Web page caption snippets
══════

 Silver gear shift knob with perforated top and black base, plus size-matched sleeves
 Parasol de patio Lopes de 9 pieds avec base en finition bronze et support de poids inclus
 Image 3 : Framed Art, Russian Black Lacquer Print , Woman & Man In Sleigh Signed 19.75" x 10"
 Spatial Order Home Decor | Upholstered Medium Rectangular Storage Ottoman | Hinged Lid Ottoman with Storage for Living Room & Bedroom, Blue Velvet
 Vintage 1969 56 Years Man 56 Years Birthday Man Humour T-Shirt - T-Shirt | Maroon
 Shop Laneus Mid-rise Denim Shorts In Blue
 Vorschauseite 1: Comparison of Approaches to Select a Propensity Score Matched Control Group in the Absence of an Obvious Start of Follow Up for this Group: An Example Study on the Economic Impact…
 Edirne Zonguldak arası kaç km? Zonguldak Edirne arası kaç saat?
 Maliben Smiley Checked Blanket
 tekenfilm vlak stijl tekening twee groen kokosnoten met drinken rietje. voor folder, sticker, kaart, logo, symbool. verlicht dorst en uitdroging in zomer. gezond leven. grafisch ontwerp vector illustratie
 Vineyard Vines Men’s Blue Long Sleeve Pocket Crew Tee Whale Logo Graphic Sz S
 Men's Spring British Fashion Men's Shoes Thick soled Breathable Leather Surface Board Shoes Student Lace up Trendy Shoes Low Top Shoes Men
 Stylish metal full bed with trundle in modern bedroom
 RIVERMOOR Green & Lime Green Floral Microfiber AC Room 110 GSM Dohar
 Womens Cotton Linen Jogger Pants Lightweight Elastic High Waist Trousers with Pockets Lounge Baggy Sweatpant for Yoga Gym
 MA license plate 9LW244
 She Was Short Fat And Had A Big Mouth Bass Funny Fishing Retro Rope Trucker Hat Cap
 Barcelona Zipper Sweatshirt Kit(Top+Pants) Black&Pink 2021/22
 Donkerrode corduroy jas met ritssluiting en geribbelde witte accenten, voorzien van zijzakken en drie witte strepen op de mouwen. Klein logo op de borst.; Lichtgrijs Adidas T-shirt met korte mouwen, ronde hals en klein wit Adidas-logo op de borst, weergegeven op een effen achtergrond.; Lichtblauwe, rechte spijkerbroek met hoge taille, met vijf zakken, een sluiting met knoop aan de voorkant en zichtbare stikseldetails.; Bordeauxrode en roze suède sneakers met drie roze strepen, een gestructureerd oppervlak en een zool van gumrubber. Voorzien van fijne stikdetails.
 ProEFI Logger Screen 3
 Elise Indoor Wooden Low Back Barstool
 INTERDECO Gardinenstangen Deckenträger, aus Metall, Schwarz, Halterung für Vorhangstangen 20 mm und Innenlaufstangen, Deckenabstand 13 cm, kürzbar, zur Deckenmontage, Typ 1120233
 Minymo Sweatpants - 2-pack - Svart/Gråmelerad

══════

TASK DETAILS: Scan the data above, find each line with "base", and copy it.

RESPONSE BELOW:
 Silver gear shift knob with perforated top and black base, plus size-matched sleeves
 Parasol de patio Lopes de 9 pieds avec base en finition bronze et support de poids inclus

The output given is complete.